#' Random Sampling of 1-dim. Mixtures of Normal Distribution
#'
#' Set sample size n and parameters of MixtNormal(mu,sigma,pi).
#' By definition, dimension of mu, sigma and pi must be the same.
#' In the function, parameter `pi` is normalized.
#' @param n <int scalar> : sample size
#' @param mu <double vector> : population means
#' @param sigma <double vector> : population sds
#' @param ratio <double vector> : mixtured ratio
#' @return The output will be <double vector> of size n that you input.
#'
#' @importFrom dplyr %>%
#' @importFrom purrr pmap_dbl
#' @importFrom stats rnorm
#' @export
#'
random_mixt_normal <- function(n, mu, sigma, ratio){
# 1. Preliminaries and Error Corrections
# record a number of components from dimension of the parameter `mu`
n_components <- length(mu)
ratio <- ratio / sum(ratio)
# sanity check for dimension of parameters
if (length(sigma) != n_components | length(ratio) != n_components){
stop("Error : dimension of mu, sigma and ratio must be the same.")
}
if (prod(sigma > 0) != 1){
stop("Error : sigma is not positive.")
}
# 2. Main Calculation
# decide a component that each point is sampled...

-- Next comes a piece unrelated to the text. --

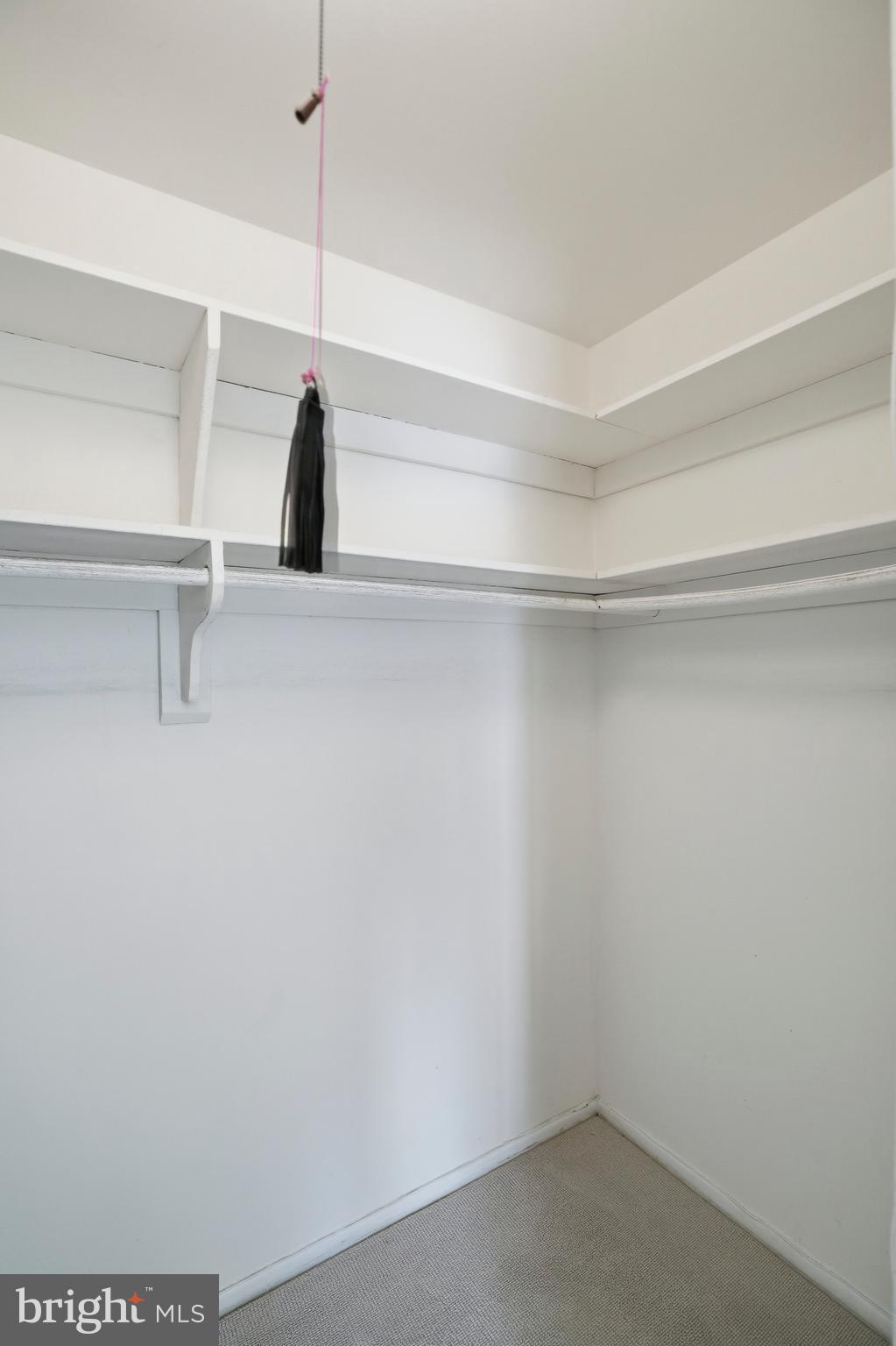 SUBURBAN OAKS - Residential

component_idx <- sample(x = 1:n_components, size = n, prob = ratio, replace = TRUE)
# sampling
obj <- list(component_idx = component_idx) %>%
pmap_dbl(.f = function(component_idx){
rnorm(1, mean = mu[component_idx], sd = sigma[component_idx])
})
# 3. output
return(obj)
}
#' Probability Density Function of 1-dim. Mixtures of Normal Distribution
#'
#' Set sample point x and parameters of MixtNormal(mu,sigma,pi).
#' By definition, dimension of mu, sigma and pi must be the same.
#' In the function, parameter `pi` is normalized.
#' @param x <double vector> : sample point
#' @param mu <double vector> : population means
#' @param sigma <double vector> : population sd
#' @param ratio <double vector> : mixtured ratio
#' @return The output is <tibble> that is probability densities of each saple point at each component and mixture distribution.
#'
#' @importFrom dplyr %>%
#' @importFrom dplyr as_tibble
#' @importFrom dplyr mutate
#' @importFrom dplyr select
#' @importFrom dplyr filter
#' @importFrom dplyr everything
#' @importFrom purrr map
#' @importFrom stringr str_c
#' @importFrom stats dnorm
#' @export
#'
density_mixt_normal <- function(x, mu, sigma, ratio){
# 1. Preliminaries and Error Correction
# number of componets calculated by dimension of parameter `mu`
n_components <- length(mu)
ratio <- ratio / sum(ratio)
# sanity check of each parameter's dimension
if (length(sigma) != n_components | length(ratio) != n_components){
stop("Error : dimension of mu, sigma and ratio must be the same.")
}
if (prod(sigma > 0) != 1){
stop("Error : sigma is not positive.")
}
# 2. Main Calculation
# calculation of probability density
# pd_each_component : output matrix is probability densities of each component
# pd : output vector is probability density
pd_each_component <- as.list(x) %>%
map(.f = ~dnorm(., mean = mu, sd = sigma)) %>%
unlist() %>%
matrix(byrow = TRUE, ncol = n_components)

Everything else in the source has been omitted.